-------- Supplied entries --------
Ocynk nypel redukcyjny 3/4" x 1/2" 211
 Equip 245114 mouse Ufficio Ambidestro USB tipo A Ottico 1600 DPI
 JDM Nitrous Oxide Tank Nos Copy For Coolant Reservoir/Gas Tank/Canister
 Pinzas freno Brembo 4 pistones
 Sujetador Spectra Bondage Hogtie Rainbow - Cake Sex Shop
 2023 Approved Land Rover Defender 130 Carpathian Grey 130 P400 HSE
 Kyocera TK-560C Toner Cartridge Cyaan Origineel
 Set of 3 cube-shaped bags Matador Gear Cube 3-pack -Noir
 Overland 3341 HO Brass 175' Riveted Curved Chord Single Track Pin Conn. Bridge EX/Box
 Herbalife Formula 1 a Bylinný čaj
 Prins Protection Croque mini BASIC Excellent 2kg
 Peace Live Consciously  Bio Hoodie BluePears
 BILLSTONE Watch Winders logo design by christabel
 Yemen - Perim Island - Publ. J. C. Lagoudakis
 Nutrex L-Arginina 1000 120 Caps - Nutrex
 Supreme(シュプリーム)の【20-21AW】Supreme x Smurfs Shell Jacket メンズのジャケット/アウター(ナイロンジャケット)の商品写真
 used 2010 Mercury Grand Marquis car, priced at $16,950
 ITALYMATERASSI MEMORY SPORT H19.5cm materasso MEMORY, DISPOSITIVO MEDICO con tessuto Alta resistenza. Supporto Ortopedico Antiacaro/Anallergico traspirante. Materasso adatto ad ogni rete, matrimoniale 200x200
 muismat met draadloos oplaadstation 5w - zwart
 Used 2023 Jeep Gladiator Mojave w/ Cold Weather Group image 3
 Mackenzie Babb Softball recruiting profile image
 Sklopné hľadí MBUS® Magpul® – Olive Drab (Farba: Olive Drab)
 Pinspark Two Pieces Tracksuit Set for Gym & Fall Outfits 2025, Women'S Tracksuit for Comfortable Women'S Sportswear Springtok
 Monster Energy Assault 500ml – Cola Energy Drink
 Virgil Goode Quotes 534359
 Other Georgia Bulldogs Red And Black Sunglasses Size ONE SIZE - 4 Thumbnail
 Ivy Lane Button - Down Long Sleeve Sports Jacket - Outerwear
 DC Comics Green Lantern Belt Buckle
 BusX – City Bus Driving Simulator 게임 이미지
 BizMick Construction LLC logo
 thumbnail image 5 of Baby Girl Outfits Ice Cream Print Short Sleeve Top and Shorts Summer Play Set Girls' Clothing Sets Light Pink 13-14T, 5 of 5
--------
# Exercise prompt
Could you write out, exactly as they stand, only the lines above that begin at the line with "Sujetador Spectra Bondage" and stop after the line with "muismat met draadloos"?

# Response area
 Sujetador Spectra Bondage Hogtie Rainbow - Cake Sex Shop
 2023 Approved Land Rover Defender 130 Carpathian Grey 130 P400 HSE
 Kyocera TK-560C Toner Cartridge Cyaan Origineel
 Set of 3 cube-shaped bags Matador Gear Cube 3-pack -Noir
 Overland 3341 HO Brass 175' Riveted Curved Chord Single Track Pin Conn. Bridge EX/Box
 Herbalife Formula 1 a Bylinný čaj
 Prins Protection Croque mini BASIC Excellent 2kg
 Peace Live Consciously  Bio Hoodie BluePears
 BILLSTONE Watch Winders logo design by christabel
 Yemen - Perim Island - Publ. J. C. Lagoudakis
 Nutrex L-Arginina 1000 120 Caps - Nutrex
 Supreme(シュプリーム)の【20-21AW】Supreme x Smurfs Shell Jacket メンズのジャケット/アウター(ナイロンジャケット)の商品写真
 used 2010 Mercury Grand Marquis car, priced at $16,950
 ITALYMATERASSI MEMORY SPORT H19.5cm materasso MEMORY, DISPOSITIVO MEDICO con tessuto Alta resistenza. Supporto Ortopedico Antiacaro/Anallergico traspirante. Materasso adatto ad ogni rete, matrimoniale 200x200
 muismat met draadloos oplaadstation 5w - zwart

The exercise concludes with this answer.